Now the MEK, through its Paris-based National Council of Resistance of Iran, has ramped up its public-relations campaign to convince the outside world that it is the biggest Iranian opposition group, one dedicated to the values of Western liberal democracy. (It just happens to have a parliament-in-waiting and a president-elect—Rajavi, of course.) To bolster its case, the MEK inflames fears of a nuclear Iran, consistently claiming that the country has an ongoing nuclear-weapons program, notwithstanding the opposite, unanimous opinion of U.S., European, and Israeli officials and the Iranian supreme leader’s fatwa against building one.
It remains to be seen if the MEK’s costly lobbying campaign will pay off. Secretary of State Hillary Clinton has until October 1 to decide whether to keep the MEK on the foreign terrorist organization list; otherwise, a federal court will automatically delist it. That’s just a few short weeks before the presidential election. Republican candidate Mitt Romney claimed in December that he had never heard of the MEK. Nevertheless, he is using the question of Iranian nukes—kept in the public eye by the MEK and its shills—in a desperate effort to make President Barack Obama look weak on national-security issues. Romney has also surrounded himself with a hawkish national-security team that includes several MEK supporters, such as Bush administration veterans like former U.N. Representative John Bolton, who believes that engagement with Tehran is “delusional” and that “the only real alternative to a nuclear Iran is pre-emptive military force”—the sooner the better.

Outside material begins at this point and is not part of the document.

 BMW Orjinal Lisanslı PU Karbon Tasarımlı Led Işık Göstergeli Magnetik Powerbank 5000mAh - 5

Bolton’s writings suggest that he hopes that the so-called P5+1 talks over Iran’s nuclear program will fail. (The next round of negotiations is next week.)

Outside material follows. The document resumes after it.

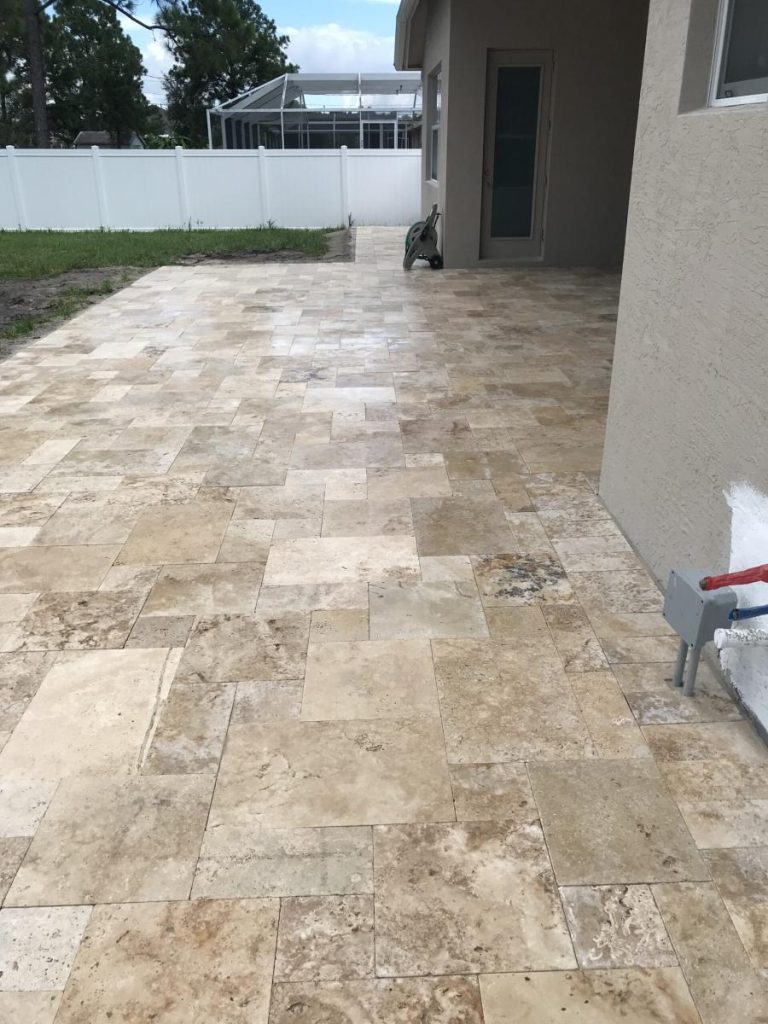 Patio pavers by Molina & Son Brick Pavers in South Florida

But the MEK’s supporters and other hawks who insist on wanting regime change in Iran need to understand that, in this case, the enemy of my enemy is not my friend. The MEK is a bad ally. It has been a bad ally in peace, and it would be a bad ally in war and reconstruction. Aligning ourselves with the MEK would undermine any attempt at credibility among Iranians because it would make us look like dupes. The public figures who have spoken in support of the MEK are dangerously mistaken when they describe the group as “a force for good, and the best hope we have” (Rendell) and “a massive worldwide movement for liberty in Iran” (Gingrich). On the contrary, this deceptive foreign cult is pouring millions of dollars into an effort to steer the United States toward war.